#### Data records

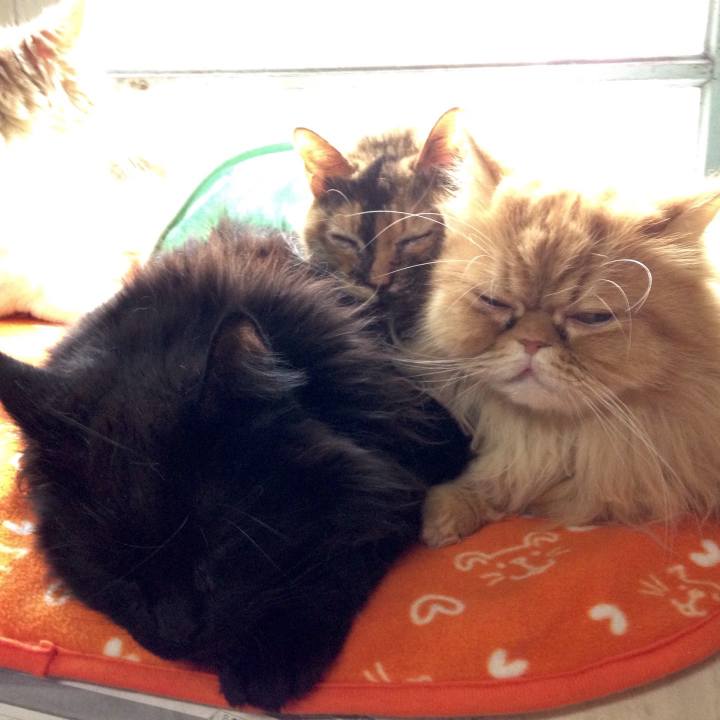 0698655d d84b 40c3 bee8 4fe886c6f916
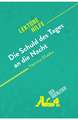 Die Schuld des Tages an die Nacht von Yasmina Khadra (Lektürehilfe)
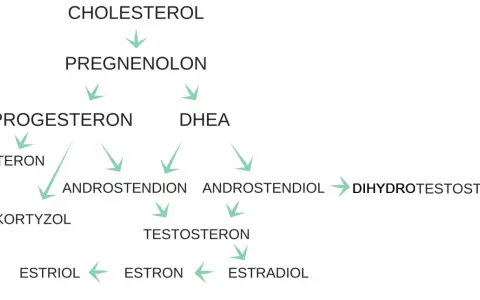 Schemat przedstawia szlaki metaboliczne hormonów steroidowych, od cholesterolu do estrogenów, w tym progesteronu, kluczowego dla cyklu miesiaczkowego.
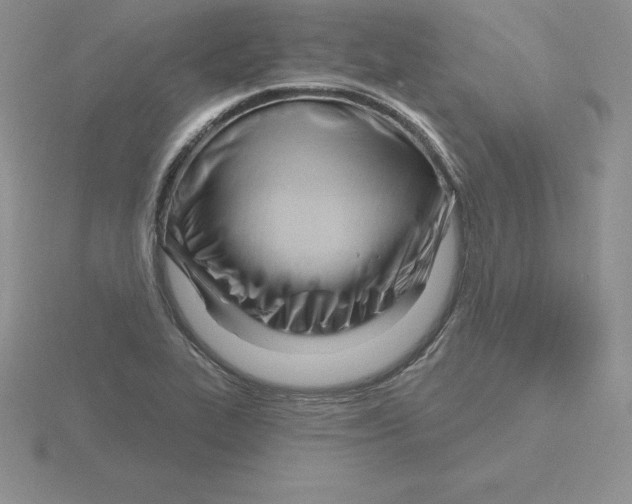 X0000115811319200912111222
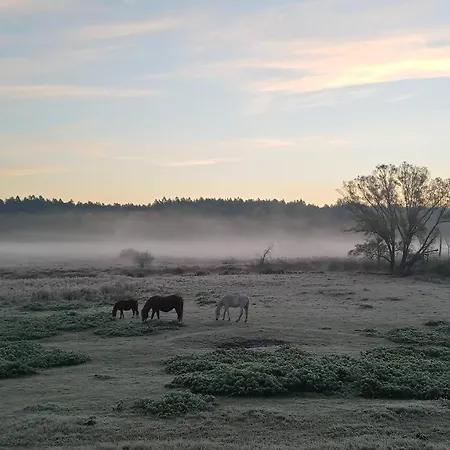 Forreset Esencja Natury - Z Opcja Sauny I Balii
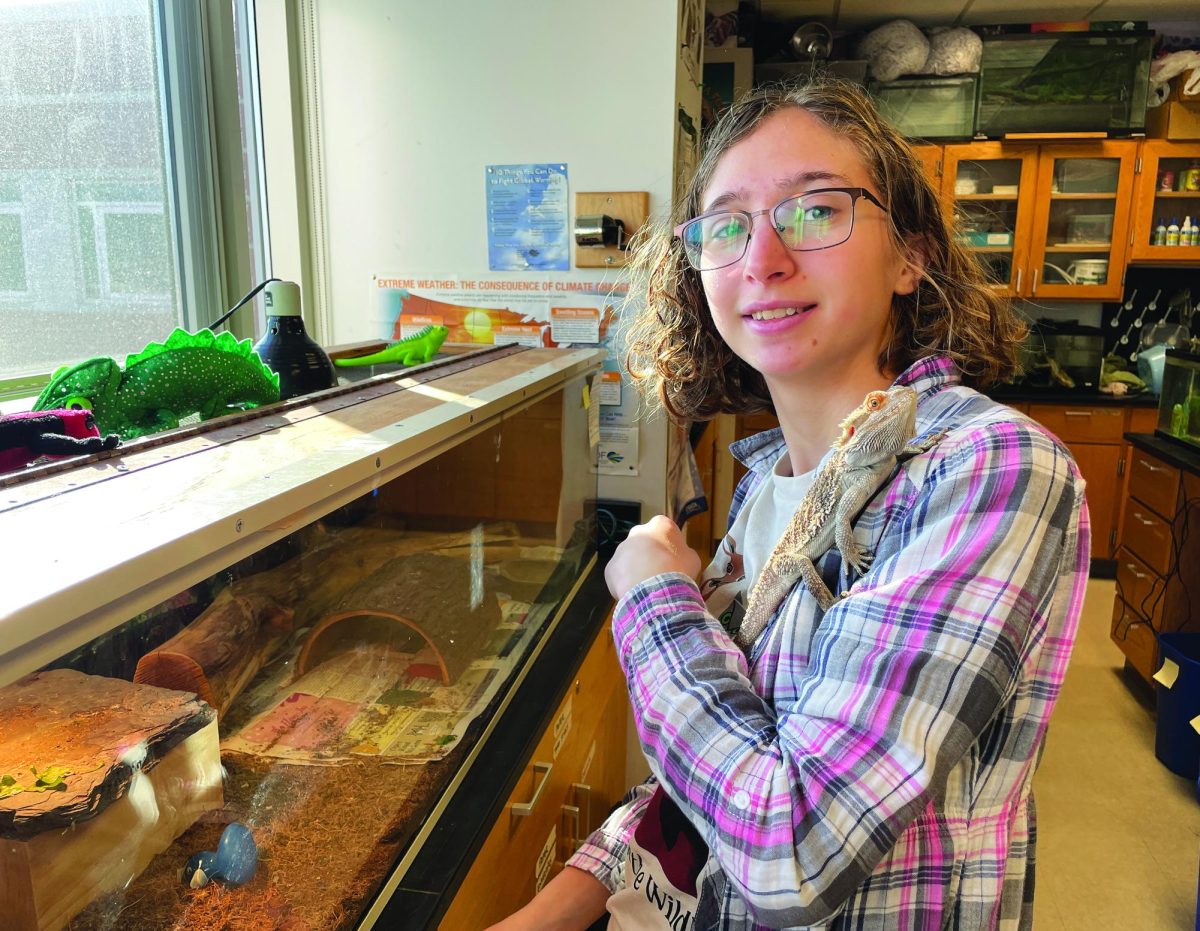 Reptile wrangler...Taking care of Mango the bearded dragon, Herpetology Club president Leah Monastra enjoys one-on-one time with her favorite reptile.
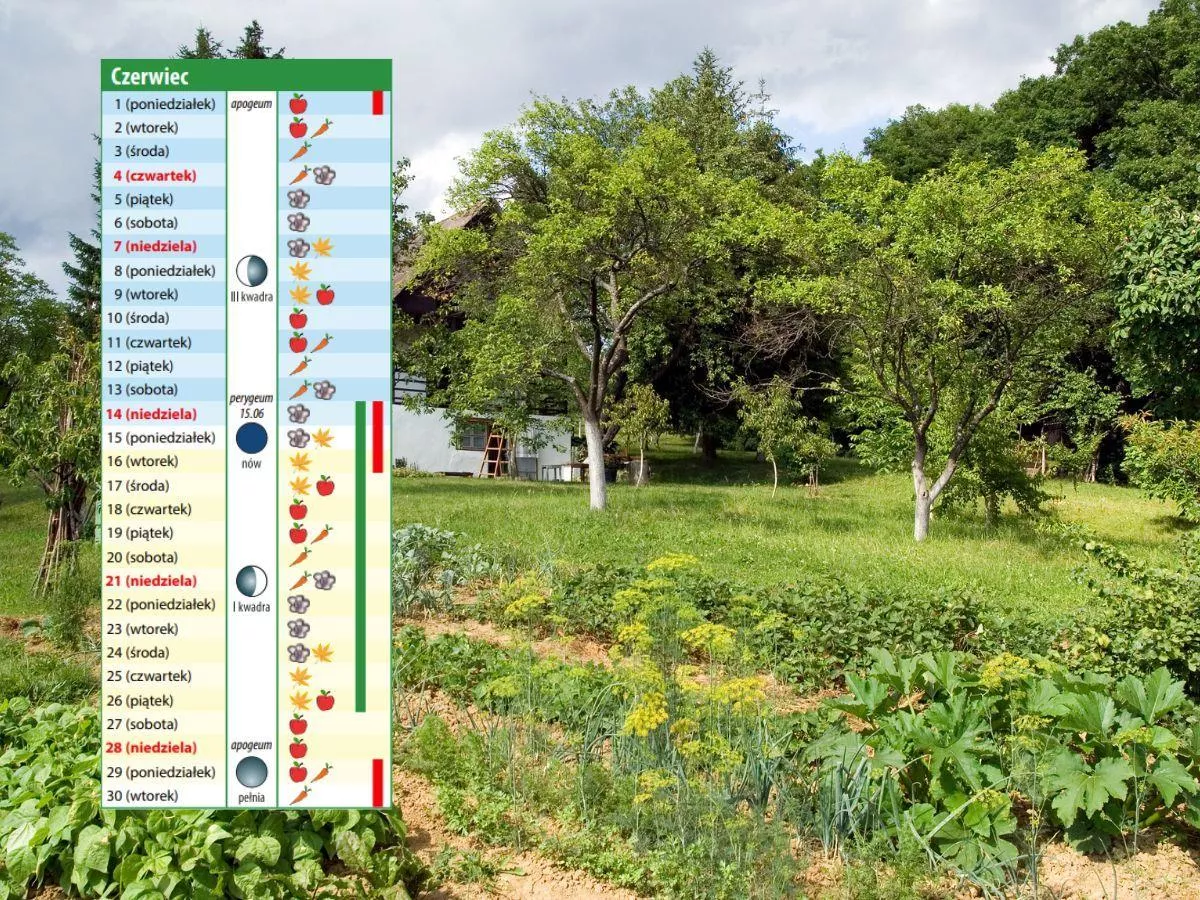 Kalendarz biodynamiczny na czerwiec 2026. Kiedy siać, sadzić i pielęgnować rośliny?
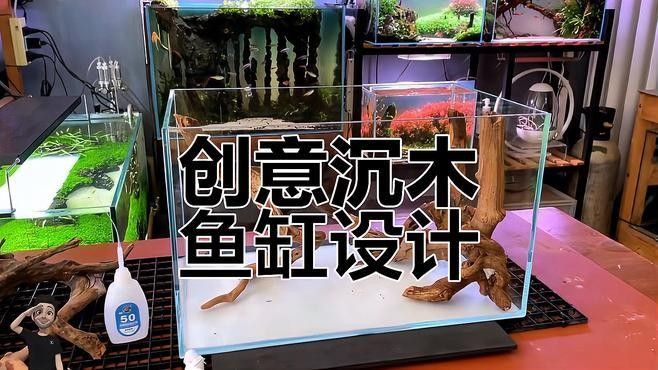 如何固定魚缸中的沉木？（如何固定魚缸中的沉木）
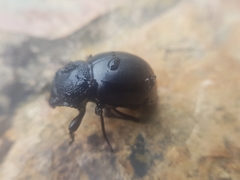 Ocnodes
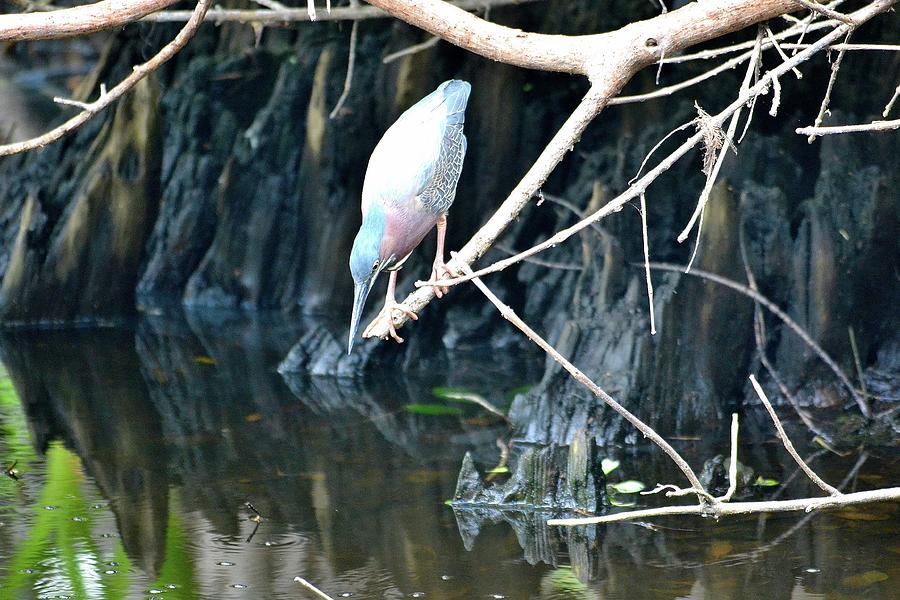 Green Heron Of Southwest Florida Photograph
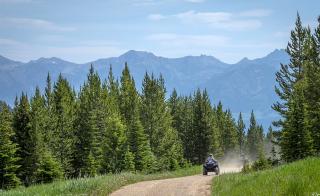 Two all-terrain-vehicles being driven down a dirt road in a forest.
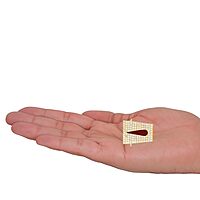 Namam/Bindhi, Pottu - God Ornament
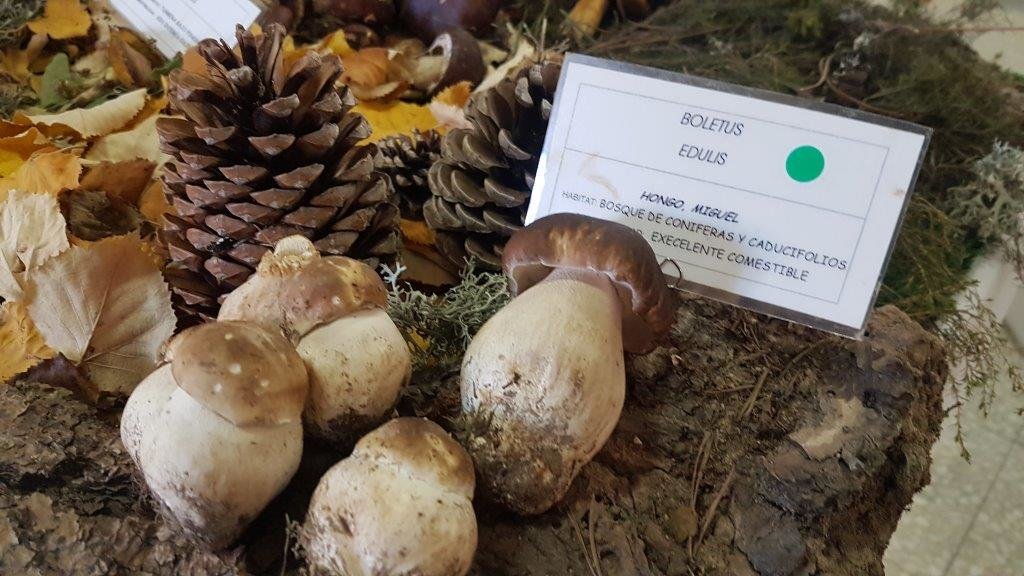 20171029_133948 - copia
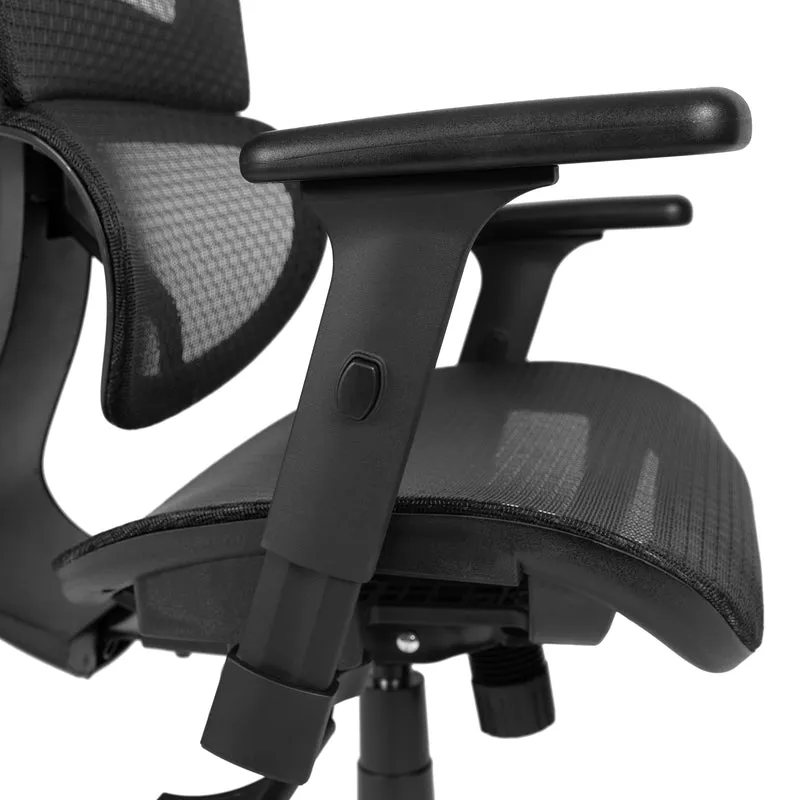 Ergonomic Mesh Office Chair-Synchro-Tilt, Headrest, Adjustable Pivot Arms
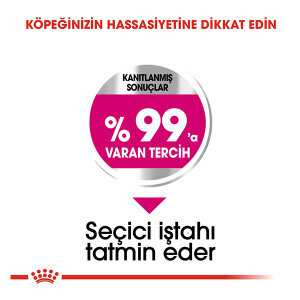 Royal Canin Mini Exigent Köpek Maması 3 KG - 3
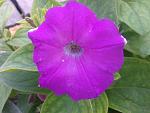     
: 2013-06-10 15.55.29.jpg
: 2
:	108.7 
ID:	6358191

########

• _Exercise instructions_
Look above for the line with "Schemat przedstawia szlaki" and the line with "Two all-terrain-vehicles being", then copy them and all lines in between exactly as written, and only those, without any pictures.

• _Task output_
 Schemat przedstawia szlaki metaboliczne hormonów steroidowych, od cholesterolu do estrogenów, w tym progesteronu, kluczowego dla cyklu miesiaczkowego.
 X0000115811319200912111222
 Forreset Esencja Natury - Z Opcja Sauny I Balii
 Reptile wrangler...Taking care of Mango the bearded dragon, Herpetology Club president Leah Monastra enjoys one-on-one time with her favorite reptile.
 Kalendarz biodynamiczny na czerwiec 2026. Kiedy siać, sadzić i pielęgnować rośliny?
 如何固定魚缸中的沉木？（如何固定魚缸中的沉木）
 Ocnodes
 Green Heron Of Southwest Florida Photograph
 Two all-terrain-vehicles being driven down a dirt road in a forest.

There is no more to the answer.